------ The data
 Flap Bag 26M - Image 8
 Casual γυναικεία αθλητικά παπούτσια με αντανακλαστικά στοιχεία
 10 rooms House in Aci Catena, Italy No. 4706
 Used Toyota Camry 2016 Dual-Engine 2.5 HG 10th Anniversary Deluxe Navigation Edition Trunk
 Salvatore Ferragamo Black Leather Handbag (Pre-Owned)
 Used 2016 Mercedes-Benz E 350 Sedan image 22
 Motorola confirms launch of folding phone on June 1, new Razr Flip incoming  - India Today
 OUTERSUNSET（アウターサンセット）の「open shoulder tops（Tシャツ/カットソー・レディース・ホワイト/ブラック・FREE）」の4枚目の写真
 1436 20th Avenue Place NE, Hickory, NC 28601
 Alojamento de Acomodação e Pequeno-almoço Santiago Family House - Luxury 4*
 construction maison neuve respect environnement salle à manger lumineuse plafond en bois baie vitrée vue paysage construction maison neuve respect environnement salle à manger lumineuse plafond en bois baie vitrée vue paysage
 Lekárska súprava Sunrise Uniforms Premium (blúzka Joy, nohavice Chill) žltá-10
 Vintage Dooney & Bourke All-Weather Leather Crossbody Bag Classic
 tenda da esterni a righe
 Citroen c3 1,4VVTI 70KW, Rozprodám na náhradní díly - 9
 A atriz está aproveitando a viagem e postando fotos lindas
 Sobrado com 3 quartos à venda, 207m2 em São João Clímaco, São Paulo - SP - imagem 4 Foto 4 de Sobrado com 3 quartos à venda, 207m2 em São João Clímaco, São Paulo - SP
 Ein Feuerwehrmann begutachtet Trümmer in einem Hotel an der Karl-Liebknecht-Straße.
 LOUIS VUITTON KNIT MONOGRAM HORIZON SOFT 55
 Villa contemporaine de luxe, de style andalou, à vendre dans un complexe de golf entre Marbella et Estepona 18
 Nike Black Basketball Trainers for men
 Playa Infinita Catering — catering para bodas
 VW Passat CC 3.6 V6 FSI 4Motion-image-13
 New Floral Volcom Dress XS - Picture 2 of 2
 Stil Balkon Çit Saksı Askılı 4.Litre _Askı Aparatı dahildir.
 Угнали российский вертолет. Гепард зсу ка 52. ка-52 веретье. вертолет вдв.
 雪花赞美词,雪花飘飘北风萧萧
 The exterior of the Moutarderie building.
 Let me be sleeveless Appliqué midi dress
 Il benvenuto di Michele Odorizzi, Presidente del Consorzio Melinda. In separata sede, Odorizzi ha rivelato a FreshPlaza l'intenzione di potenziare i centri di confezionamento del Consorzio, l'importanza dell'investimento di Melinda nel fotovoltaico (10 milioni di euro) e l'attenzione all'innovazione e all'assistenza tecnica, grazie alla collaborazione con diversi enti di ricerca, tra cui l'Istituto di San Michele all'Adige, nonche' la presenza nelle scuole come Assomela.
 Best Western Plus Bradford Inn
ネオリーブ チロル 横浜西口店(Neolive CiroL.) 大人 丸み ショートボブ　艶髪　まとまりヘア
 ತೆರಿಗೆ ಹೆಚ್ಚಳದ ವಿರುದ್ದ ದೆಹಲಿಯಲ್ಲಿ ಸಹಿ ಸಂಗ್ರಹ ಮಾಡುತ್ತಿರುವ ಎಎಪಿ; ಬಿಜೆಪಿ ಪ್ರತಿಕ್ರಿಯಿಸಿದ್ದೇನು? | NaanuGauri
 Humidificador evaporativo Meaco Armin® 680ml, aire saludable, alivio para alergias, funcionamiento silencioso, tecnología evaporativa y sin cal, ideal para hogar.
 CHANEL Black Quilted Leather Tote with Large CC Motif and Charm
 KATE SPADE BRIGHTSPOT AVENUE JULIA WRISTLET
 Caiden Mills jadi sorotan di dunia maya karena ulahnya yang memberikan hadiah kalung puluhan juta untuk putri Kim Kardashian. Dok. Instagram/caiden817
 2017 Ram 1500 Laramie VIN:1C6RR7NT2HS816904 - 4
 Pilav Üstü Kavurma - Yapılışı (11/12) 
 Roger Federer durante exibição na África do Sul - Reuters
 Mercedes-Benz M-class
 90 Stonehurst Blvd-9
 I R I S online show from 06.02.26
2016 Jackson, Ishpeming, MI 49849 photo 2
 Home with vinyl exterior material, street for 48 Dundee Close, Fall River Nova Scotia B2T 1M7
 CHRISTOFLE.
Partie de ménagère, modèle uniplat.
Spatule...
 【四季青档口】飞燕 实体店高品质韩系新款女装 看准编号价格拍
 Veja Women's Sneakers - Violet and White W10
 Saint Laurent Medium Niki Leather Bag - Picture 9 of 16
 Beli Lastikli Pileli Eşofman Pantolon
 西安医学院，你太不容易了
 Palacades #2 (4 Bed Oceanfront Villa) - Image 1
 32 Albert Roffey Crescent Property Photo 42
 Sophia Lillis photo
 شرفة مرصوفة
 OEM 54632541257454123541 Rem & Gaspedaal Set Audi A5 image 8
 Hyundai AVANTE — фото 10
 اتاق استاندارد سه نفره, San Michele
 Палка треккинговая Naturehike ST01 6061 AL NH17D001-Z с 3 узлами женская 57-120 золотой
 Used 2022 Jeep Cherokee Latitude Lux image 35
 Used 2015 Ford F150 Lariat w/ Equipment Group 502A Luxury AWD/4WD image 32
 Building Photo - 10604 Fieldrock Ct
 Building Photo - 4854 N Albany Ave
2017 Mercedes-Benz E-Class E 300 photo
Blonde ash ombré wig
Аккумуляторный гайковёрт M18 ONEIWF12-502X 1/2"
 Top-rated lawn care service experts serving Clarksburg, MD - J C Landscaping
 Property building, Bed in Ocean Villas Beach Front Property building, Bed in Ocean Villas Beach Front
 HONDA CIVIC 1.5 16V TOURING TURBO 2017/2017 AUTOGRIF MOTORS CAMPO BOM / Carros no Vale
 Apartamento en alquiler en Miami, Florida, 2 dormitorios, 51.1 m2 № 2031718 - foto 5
------------
Required action: Out of the records above, pick each line that contains the string "Leather".

Task result:
 Salvatore Ferragamo Black Leather Handbag (Pre-Owned)
 Vintage Dooney & Bourke All-Weather Leather Crossbody Bag Classic
 CHANEL Black Quilted Leather Tote with Large CC Motif and Charm
 Saint Laurent Medium Niki Leather Bag - Picture 9 of 16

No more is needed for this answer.